(Québec) Yanni Gourde est un homme de contrastes. Véritable pitbull sur la glace, mais éminemment sympathique dans la vie de tous les jours.

Par contre, n’allez pas demander au petit attaquant du Lightning de Tampa Bay s’il ressent une pression à devoir jouer la saison prochaine « à la hauteur de son nouveau salaire ».

« Pourquoi il faut dire ça comme ça ? lance-t-il immédiatement. Il faut que tu joues pour la valeur de ton argent ? Je vais être la même personne. Je vais être Yanni Gourde l’année prochaine aussi. L’année passée, j’étais Yanni Gourde, l’année prochaine, je vais être Yanni Gourde, l’année suivante, je vais encore être Yanni Gourde. Ce que j’apporte, c’est de l’intensité, être le premier sur la rondelle, avoir un bon échec avant, créer des revirements, me placer devant le filet, être tannant. Si je marque des buts, tant mieux, mais il faut regarder plus que les statistiques pour dire que tu dois jouer à la valeur que tu es payé. J’ai un peu de misère avec cette pensée-là. »

Voilà qui a le mérite d’être clair. Un moment de passion après une question qui n’était peut-être pas non plus la mieux formulée. Mais n’ayez crainte, la bonne humeur est revenue. Gourde est un jeune homme de qui il est toujours agréable de prendre des nouvelles, avec qui il est plaisant de jaser de choses et d’autres.

Tant qu’à être sur le sujet de l’argent, on a continué dans cette voie. Gourde gagnera la saison prochaine 6,3 millions de dollars, pour un impact sous le plafond de 5,166 millions. C’est la raison de la question citée plus haut, ce gros contrat de six ans signé en novembre dernier. Un contrat qui change une vie.

« Je suis content d’avoir eu la chance de signer ce contrat pour tous les efforts que j’ai mis depuis le début de ma carrière. C’est vraiment valorisant », dit-il.

J’ai acquis beaucoup de maturité. J’ai voyagé beaucoup, j’ai joué avec des salaires minimes. Je suis plus mature, je suis prêt [à gérer ce nouveau salaire]. L’argent, je suis content, mais ce n’est pas pour ça que je joue.

Yanni Gourde

Remarquez, il ne l’a pas volé non plus. Gourde a vécu l’ECHL durant deux saisons, avant d’être rejeté par les Sharks et de passer quatre ans à faire ses classes dans l’organisation du Lightning de Tampa Bay.
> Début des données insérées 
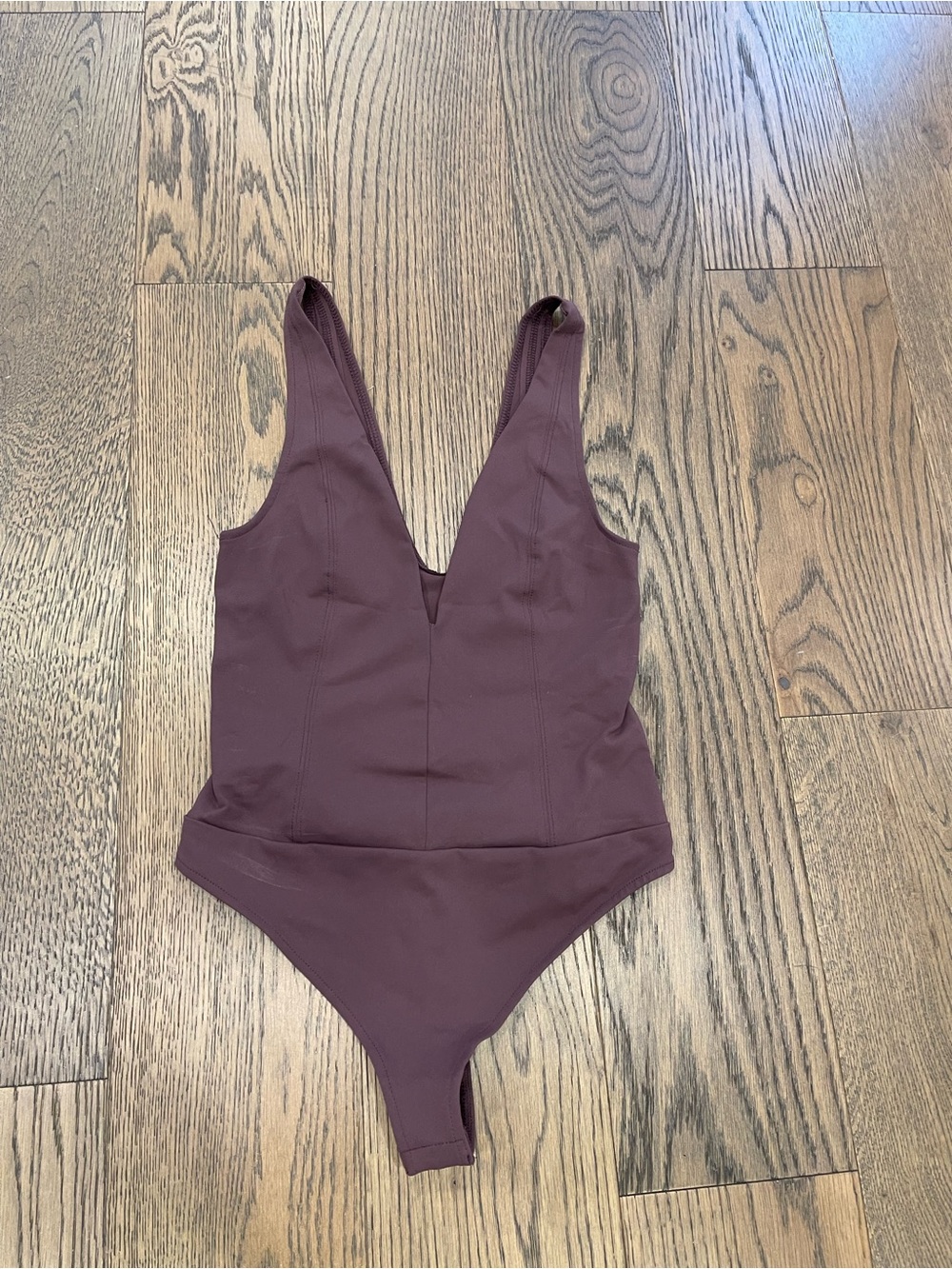 Free People Deep V Brown Bodysuit S Small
Il s’est révélé ensuite avec une saison de 25 buts et 64 points en 2017-2018, suivie d’une saison plus modeste de 22 buts et 48 points l’année dernière. N’empêche, Gourde a une seule vitesse, la pédale au fond, et quand le Lightning s’est heurté à un mur en séries, il n’a jamais levé le pied.

C’est ainsi que sa personnalité se façonne. Une approche réfléchie avec son argent, et un cœur gros comme ça sur la glace. Sans doute le résultat d’une enfance au cours de laquelle on ne lui a pas tout donné. Ses origines modestes sont connues, les deux mains dans les « jobines » dans les fermes de Saint-Narcisse ou à l’épicerie de son père. Ce père qui avait d’ailleurs installé une surface de hockey dans le sous-sol de l’épicerie, où Yanni Gourde a acquis son côté compétitif contre ses frères et les autres jeunes du coin.

« Peut-être que je l’approche différemment parce que je suis conscient de la valeur de l’argent. Je n’ai jamais été un gars qui va se gâter avec les grosses voitures, ces choses-là. Depuis que je suis très jeune que je travaille. Je travaillais à l’épicerie de mon père. Je travaillais sur une ferme. J’ai gagné mon argent, j’ai payé ma première voiture. C’est pareil aujourd’hui. Je connais la valeur de l’argent et j’en suis conscient. »

Du muscle

Peut-être était-ce l’éclairage, l’angle de vue, mais on aurait dit que Gourde avait pris du muscle. Pas non plus qu’il était un chicot avant, mais on l’aurait dit plus volumineux que jamais, avec des troncs d’arbre en guise d’avant-bras.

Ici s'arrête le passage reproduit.